# Magic System Concept



## Asura Levi (May 13, 2013)

Ok, this is more an idea that I want to share. 
In all the variety of magic system I tried to envision, the following seemed more 'orinal' when dealing with elements.

It basically has the four major classical elements divided as the Cardinal Points of a compass, in the following order (reading clockwise from top): Fire - Earth - Water - Wind (then back to fire).
As usual, Fire and Water are opposed as are Wind and Earth.

Additional to this, that are four other 'sub'-elements distributed in the fashion of the Ordinal Points: Metal, Wood, Ice, Lightning.

The total would read like this: Fire [Metal] Earth [Wood] Water [Ice] Wind [Lightning] Fire.

The catch here would be that every single being is born with some affinity with one of the cardinal, thus having 100% compatibility with said element, 33% with the adjacent, 11% with the opposite, 66% with the adjacent 'ordinal' element and 22% with the opposite ordinal.

So, someone born with Fire compatibility would look like: Fire: 100%; Metal/Lightning: 66%; Wind/Earth: 33%; Ice/Wood: 22%; Water: 11%.

All that said, it isn't the norm to be born with the 'cardinal' elements, some get their 'magic compass' shifted and born with full compatibility with one of the 'ordinal', lets say, Wood.
It is only that the 'cardinal mages' are the most common, like, right-handed people (not related, just an example).

I know it sounds weird to have someone with fire skills being able to use Ice, which should be a complete opposite as much as water, with the double of compatibility, but I couldn't think in a different way to arrange it. 
Also, I'm not very happy about Fire and Earth 'ordinal' being Metal, (Lava is completely rulled out).

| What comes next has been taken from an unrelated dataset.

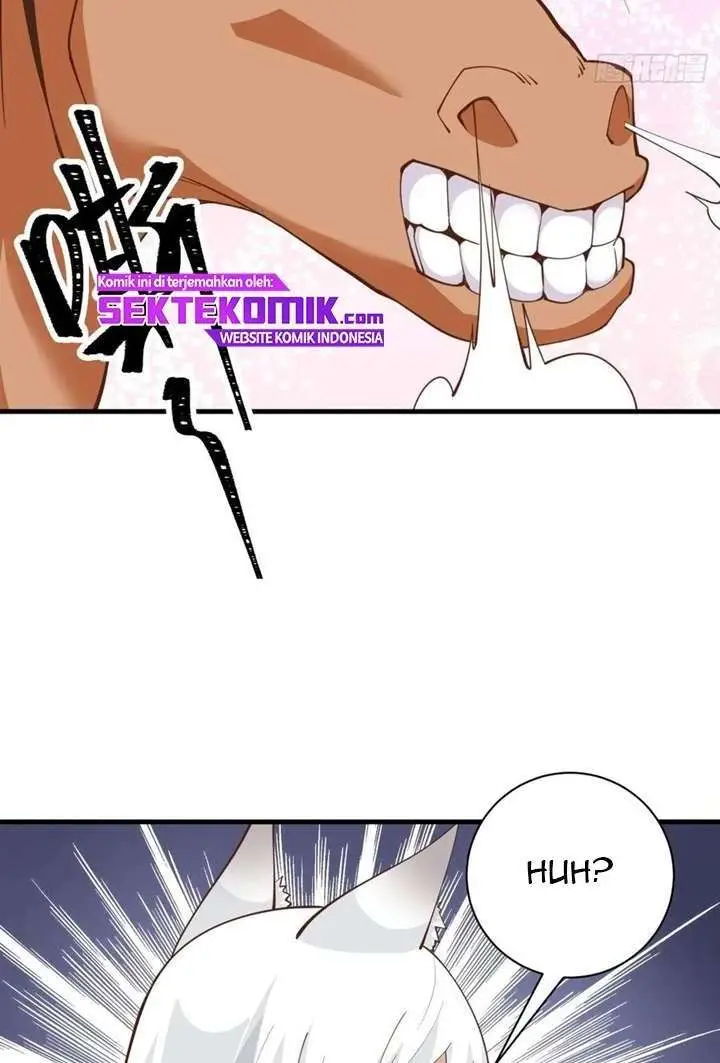 image-komik-to-be-the-castellan-king-chapter-308-18/26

That is one more undeveloped aspect, it is based on the four states of matter: Solid, Liquid, Gas and Plasma(or Energy). That would act as a sub-compass which would affect the main, effectively making each 'personal magic compass' more unique than it is.
But I haven't figure out a good way in doing so.

So, if any one has any tips, feedback, idea, whatever; I'm here to listen (or read).
In the end, I just wanted to share it.


----------



## AnnaBlixt (May 13, 2013)

If you put the compass in the order Water - Earth - Wind - Fire  (as in the old game Darkside of Xeen) you would end up with other in between-elements. To me, this is more balanced, since I don't see water and fire as opposites any more than Wind and Earth. 

Water [mud] Earth [dust] Wind [lightning] Fire [steam]   That is the element compass from Darkside of Xeen, with in between elements. 

If you put Fire beside Earth, I think you'll end up with metal, coal or magma. Why are you unhappy with metal? I think it's a way better ordinal than Ice (ice is just cold water).


----------



## Addison (May 13, 2013)

It sounds like you're thinking way too much into this. 

From what I've read, magic in the fantasy is the element of wonder. There's no explanation, no facts, no equations. The fact that it works and has its limits and feels real is what matters. 

It also sounds like you're questioning something besides yourself. Did you read this magic somewhere? Are you basing it off something else you read? It helps, true, but to make it fit your story you need to take a breath, take a break, and just watch your story play in your head and watch the characters as they battle or practice their magic. Let the story tell you how it works.


----------



## AnnaBlixt (May 13, 2013)

Yeah... unless you're writing a roleplaying game or a roleplay-based adventure novel, I don't see how it is relevant to quantify the affinity for magic this way. And I really can't figure out how you can make ice one of the basis, and not have steam on the other side. I do think that this compass will limit your story. 

Magic can have rules and explanations - but if you are going to quantify it this way, it really becomes borderline science fiction - and if you are going down that road, you really need to consider the implications for the story.


----------



## Addison (May 13, 2013)

The three keys for a believable magic are: S,D,C
Scarcity-how many in the world can cast magic.
Difficulty-simple or easy to learn and use
Cost-nothing is free, not even magic.


----------



## Asura Levi (May 13, 2013)

AnnaBlixt: That is anything like that anywhere? Lovely, would take a look in this Darkside of Xeen for sure.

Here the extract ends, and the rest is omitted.